Short descriptive text snippets:
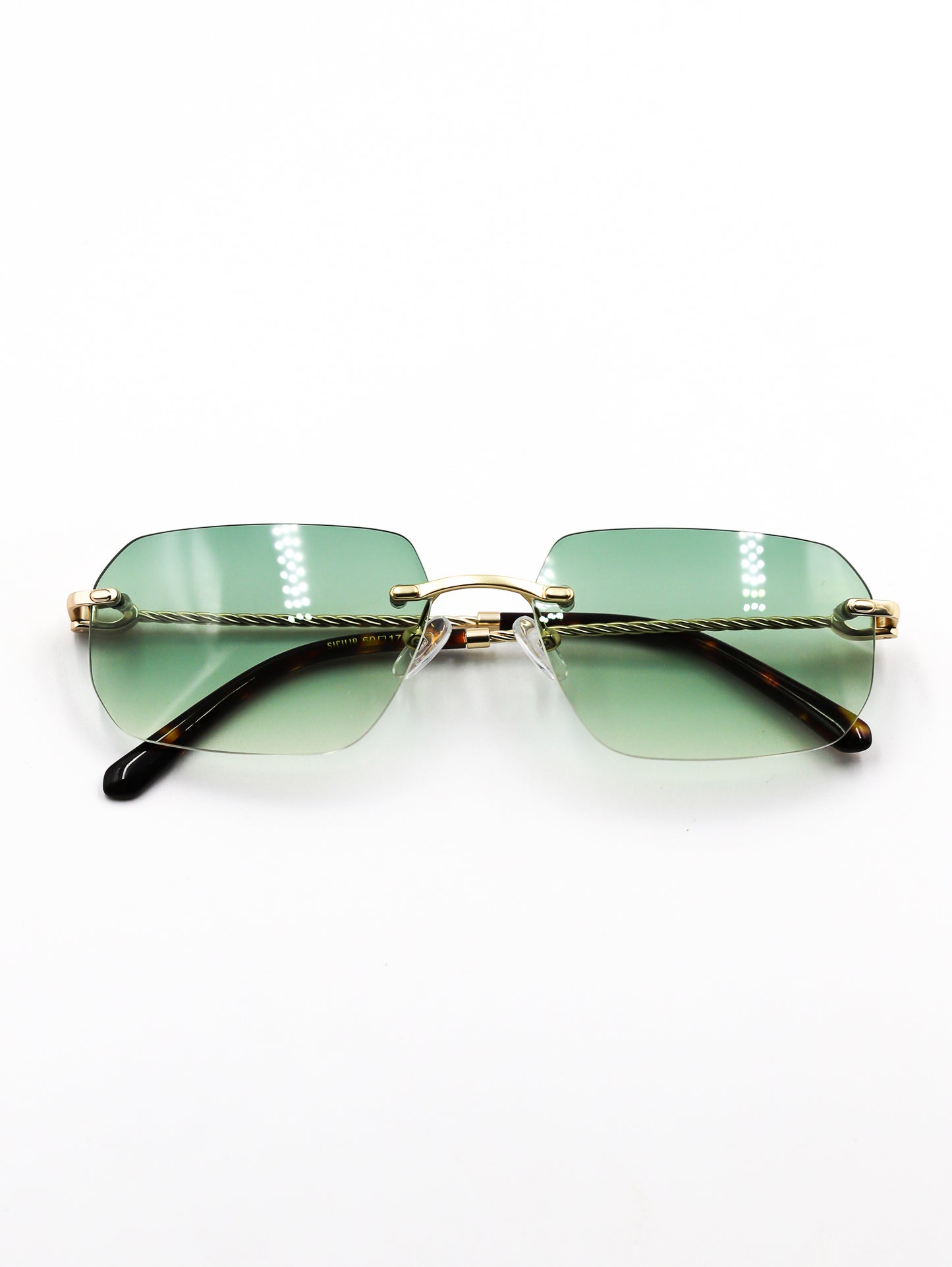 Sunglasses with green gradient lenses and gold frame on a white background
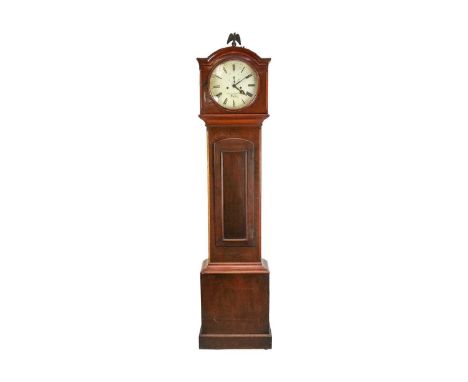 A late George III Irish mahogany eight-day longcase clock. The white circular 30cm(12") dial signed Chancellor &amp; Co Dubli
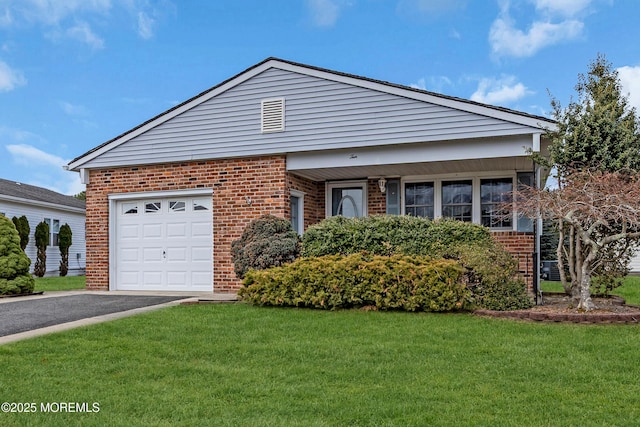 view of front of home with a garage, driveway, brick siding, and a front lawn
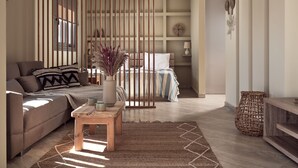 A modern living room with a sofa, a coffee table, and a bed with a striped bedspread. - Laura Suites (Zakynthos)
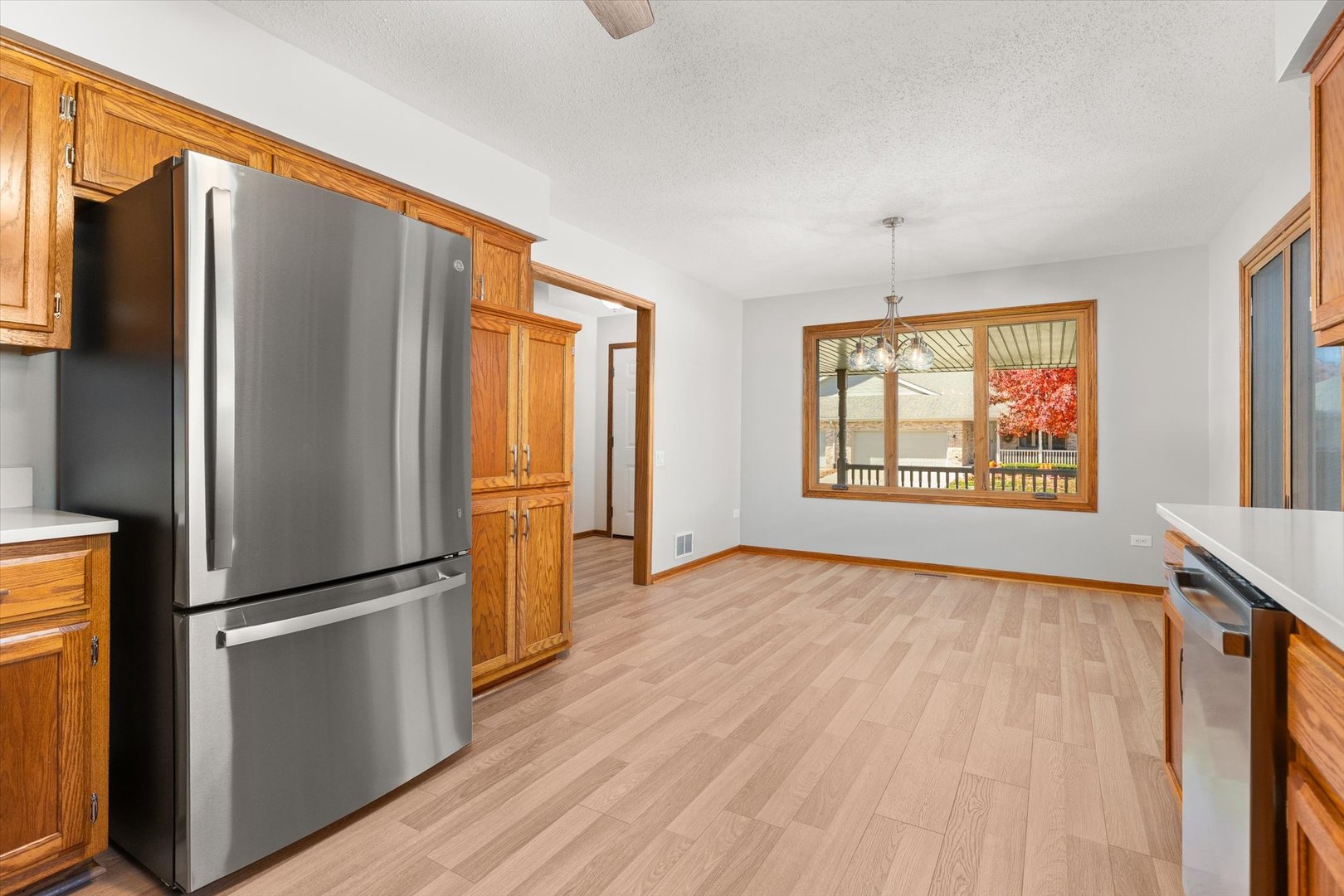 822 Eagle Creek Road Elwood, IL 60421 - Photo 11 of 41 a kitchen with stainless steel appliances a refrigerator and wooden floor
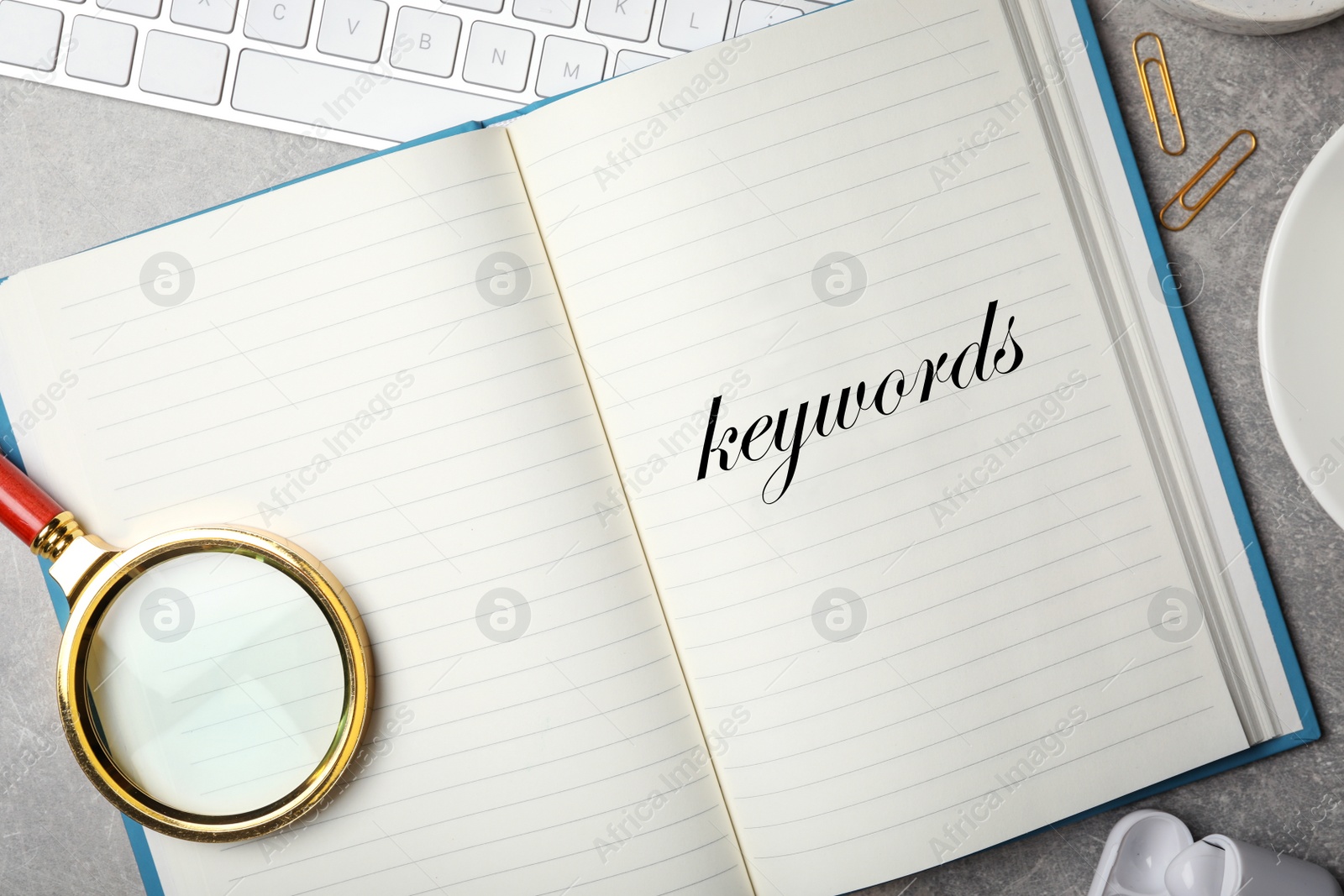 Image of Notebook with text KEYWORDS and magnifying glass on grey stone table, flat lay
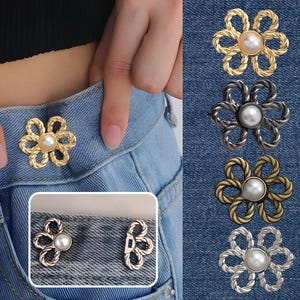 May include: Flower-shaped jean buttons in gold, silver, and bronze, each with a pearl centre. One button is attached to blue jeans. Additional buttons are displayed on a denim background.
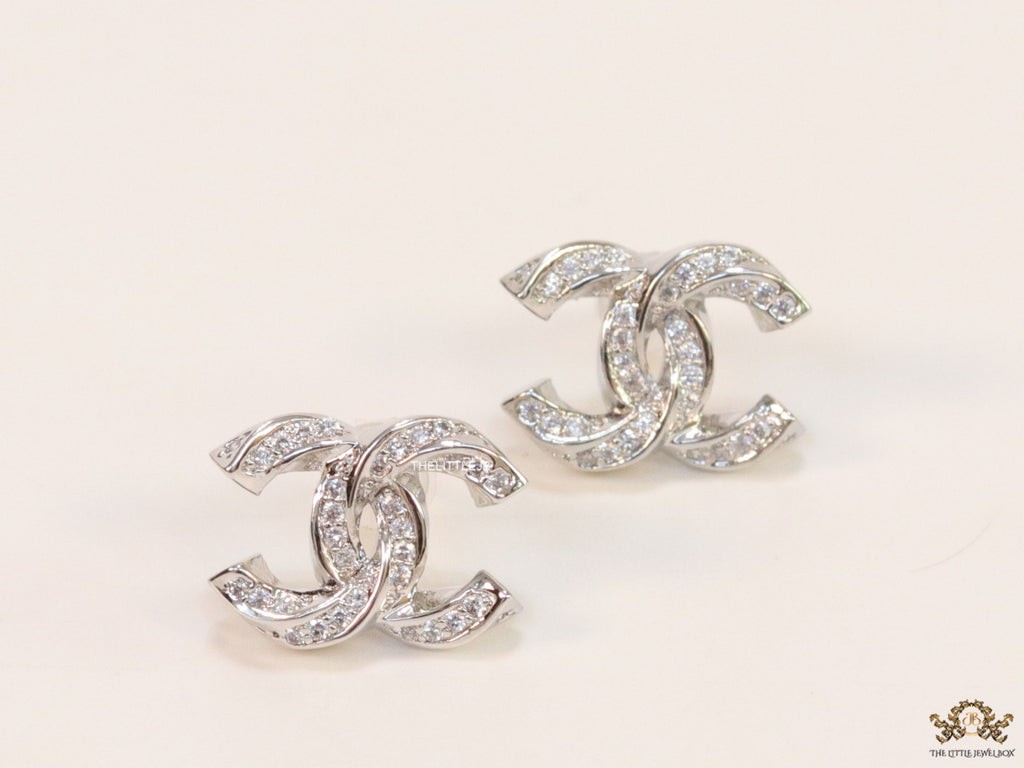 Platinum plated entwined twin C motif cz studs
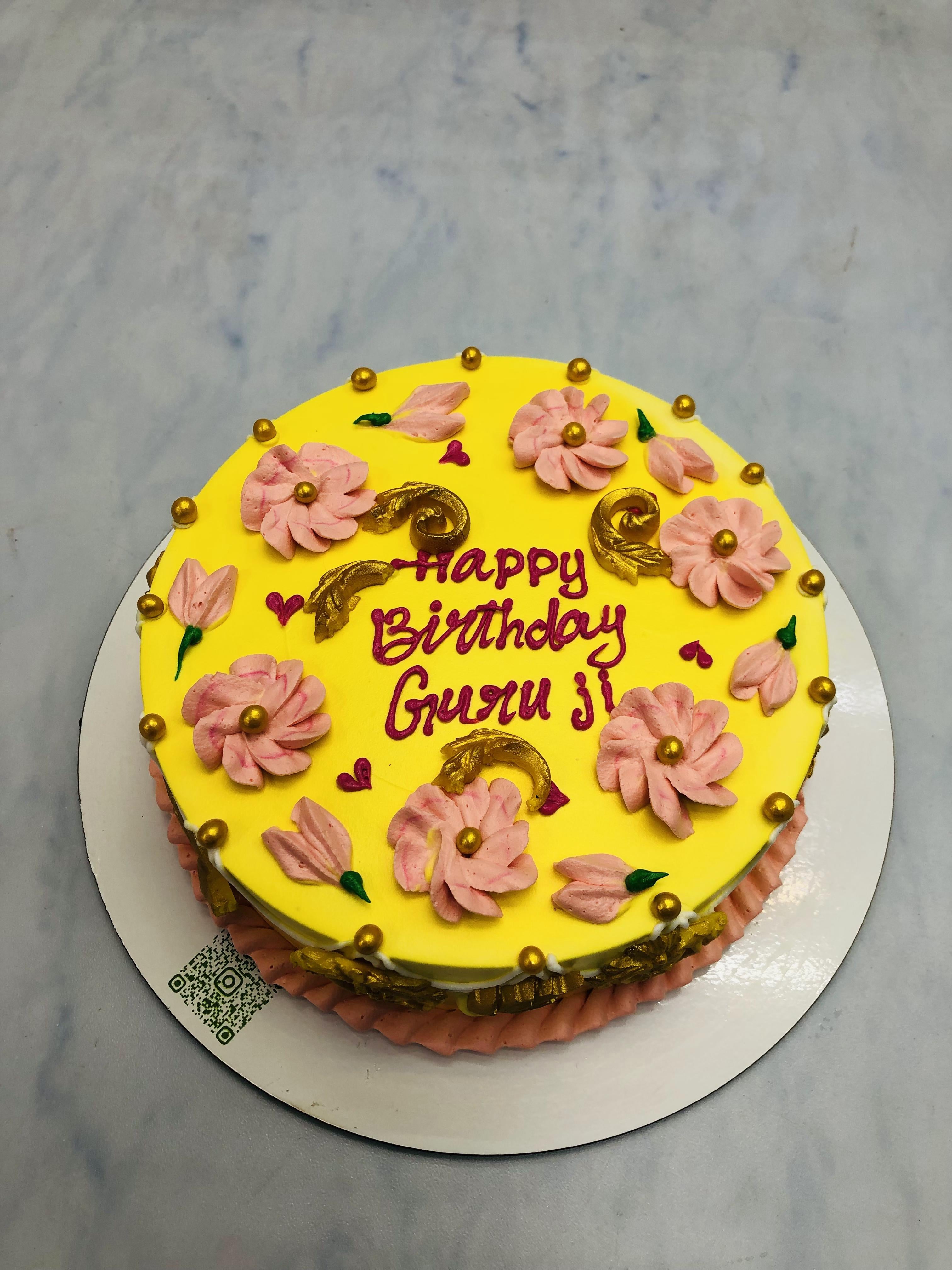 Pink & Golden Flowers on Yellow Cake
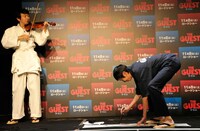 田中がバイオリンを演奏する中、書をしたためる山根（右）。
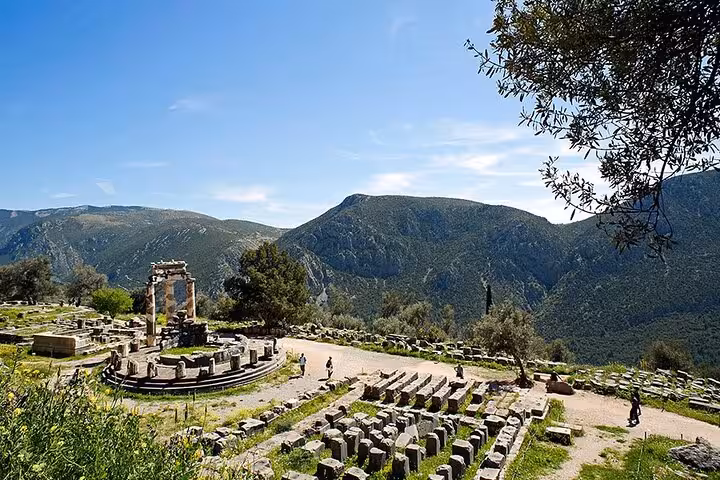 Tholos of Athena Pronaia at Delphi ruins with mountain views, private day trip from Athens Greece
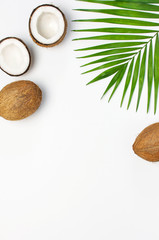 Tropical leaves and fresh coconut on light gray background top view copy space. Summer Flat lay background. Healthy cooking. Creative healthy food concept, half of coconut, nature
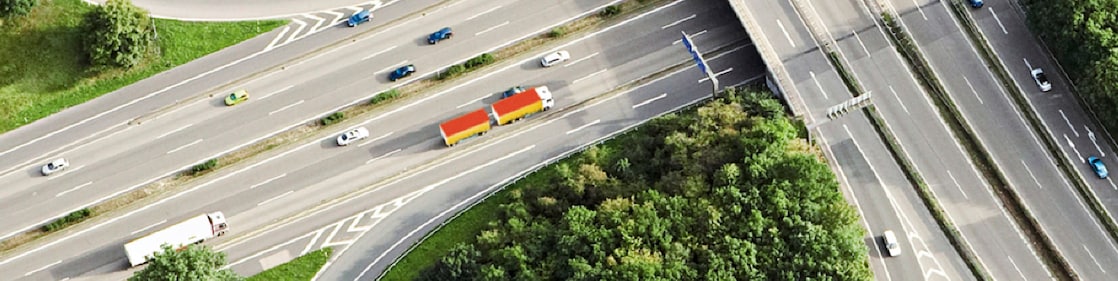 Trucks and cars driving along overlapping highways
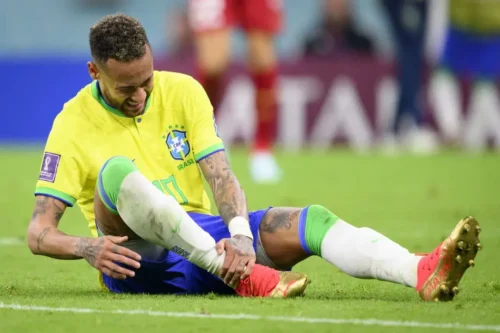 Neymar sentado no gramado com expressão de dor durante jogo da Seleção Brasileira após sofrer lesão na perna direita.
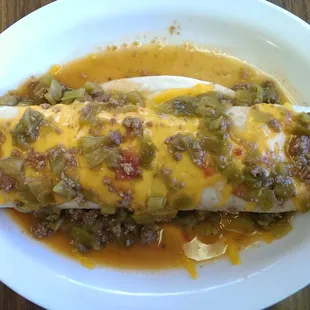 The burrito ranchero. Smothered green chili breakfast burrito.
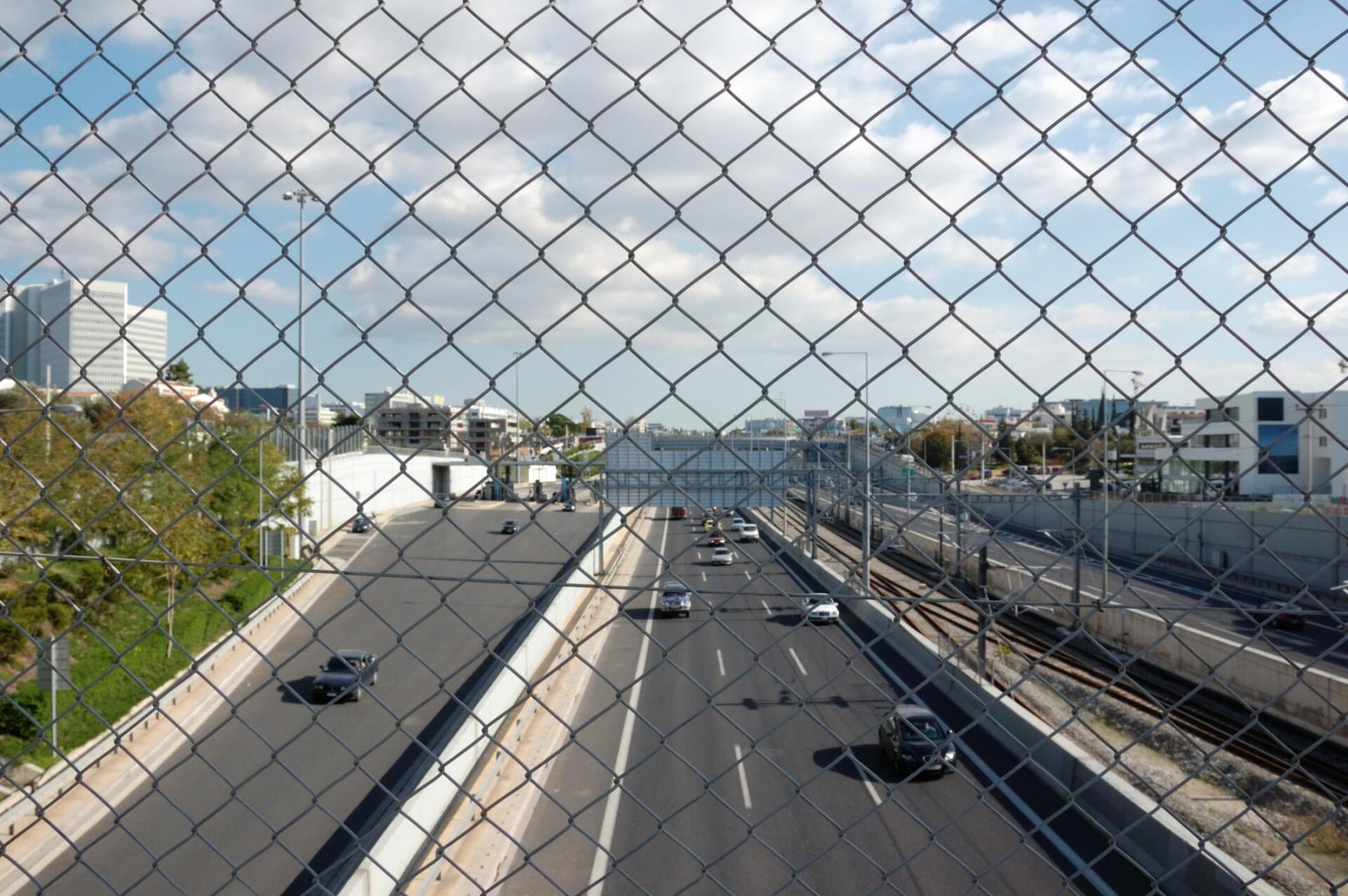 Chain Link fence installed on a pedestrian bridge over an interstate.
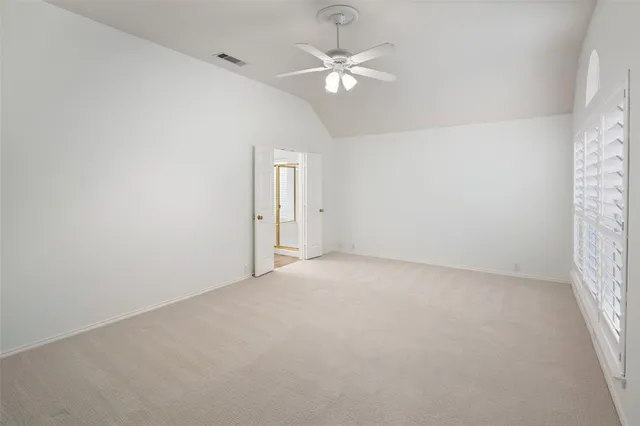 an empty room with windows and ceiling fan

Work instructions → Please retype every record shown above, exactly as written, but without pictures.

Solution →
 Sunglasses with green gradient lenses and gold frame on a white background
 A late George III Irish mahogany eight-day longcase clock. The white circular 30cm(12") dial signed Chancellor &amp; Co Dubli
 view of front of home with a garage, driveway, brick siding, and a front lawn
 A modern living room with a sofa, a coffee table, and a bed with a striped bedspread. - Laura Suites (Zakynthos)
 822 Eagle Creek Road Elwood, IL 60421 - Photo 11 of 41 a kitchen with stainless steel appliances a refrigerator and wooden floor
 Image of Notebook with text KEYWORDS and magnifying glass on grey stone table, flat lay
 May include: Flower-shaped jean buttons in gold, silver, and bronze, each with a pearl centre. One button is attached to blue jeans. Additional buttons are displayed on a denim background.
 Platinum plated entwined twin C motif cz studs
 Pink & Golden Flowers on Yellow Cake
 田中がバイオリンを演奏する中、書をしたためる山根（右）。
 Tholos of Athena Pronaia at Delphi ruins with mountain views, private day trip from Athens Greece
 Tropical leaves and fresh coconut on light gray background top view copy space. Summer Flat lay background. Healthy cooking. Creative healthy food concept, half of coconut, nature
 Trucks and cars driving along overlapping highways
 Neymar sentado no gramado com expressão de dor durante jogo da Seleção Brasileira após sofrer lesão na perna direita.
 The burrito ranchero. Smothered green chili breakfast burrito.
 Chain Link fence installed on a pedestrian bridge over an interstate.
 an empty room with windows and ceiling fan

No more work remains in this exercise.